I'm not totally sure, but I'd guess yours is "New River", because it is significantly blonder/brighter than mine.  Not sure though, maybe @Exoskeleton Invertebrates can shed some light.

Reactions: Like 1


----------



## Jeff23 (Nov 8, 2016)

Marijan2 said:


> my dream Apho is bicoloratum, pretty much only one i really want to have


The bicoloratums are beauties too.   Too bad that a few individuals took so many and sold them to the wrong people.

Reactions: Agree 1


----------



## Exoskeleton Invertebrates (Nov 8, 2016)

Aphonopelma chalcodes should be label as follow.

Aphonopelma chalcodes "Flagstaff Orange"
Aphonopelma chalcodes "New River"
Aphonopelma chalcodes "Tucson" 

Etc, etc, etc............

Never mix match for breeding, breed male and female of the same locality.
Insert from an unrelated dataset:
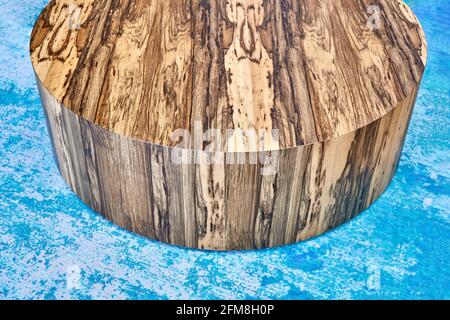 Élégante table à café ronde texturée contemporaine en contreplaqué et Placage naturel Ofram noir sur moquette bleue dans la chambre Banque D'Images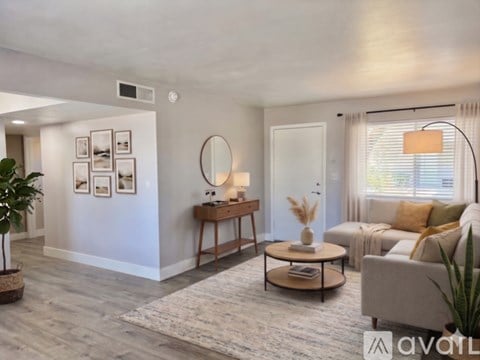 A living room with a grey couch, a wooden coffee table, and a round mirror on the wall.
Reactions: Like 1 | Agree 5 | Informative 1


----------



## lanny (Nov 9, 2016)

gypsy cola said:


> So for my birthday my lovely SO surprised me with an adult female "New River Rust Rump.
> 
> I have to say these spiders are G O R G E O U S !!!!
> 
> ...


Females can live 30 to 40 years!


----------



## lanny (Nov 9, 2016)

Most of the aphonopelmas look alike and I' m sure they're closely related.


----------



## Bugmom (Nov 9, 2016)

lanny said:


> Most of the aphonopelmas look alike and I' m sure they're closely related.


http://zookeys.pensoft.net/articles.php?id=6264


----------



## dopamine (Nov 9, 2016)

One of my favorite species right here. That beautiful blonde color is unmatched.

Reactions: Agree 1


----------



## Paiige (Dec 19, 2016)

ErinM31 said:


> Any thoughts on what type/locality mine is? I didn't exactly get detailed info, but she's lovely.
> 
> 
> 
> ...


I know this thread is over a month old but I am strongly considering A chalcodes as my next T and I'm partial to the bright, light blonde colors. Wanted to see if anyone had any additional input as to locality of this beauty. I've done a bit of searching and a lot of the 'New River' sp seem to have a reddish/rusty tinge to them. The common name also seems to aptly be "New River Rust Rump," hence the reddish abdomen. I'm looking to avoid that (though they are very pretty) and find one that's as light and neutral-toned as possible.


----------



## Tfisher (Dec 21, 2016)

So what do I name my a chalcodes? Hahha jk jk


----------



## LailaQ (Apr 10, 2019)

If anyone is still able to reply to this thread, can someone please give me an idea of their adult size?


----------



## Butterbean83 (Jul 17, 2019)

From what I've just read before coming to this thread then I'd say about 4-5" legspan and 4-5.5" in the New River Rust Rump locality, and with some rare 6"+ specimens.

Reactions: Like 1


----------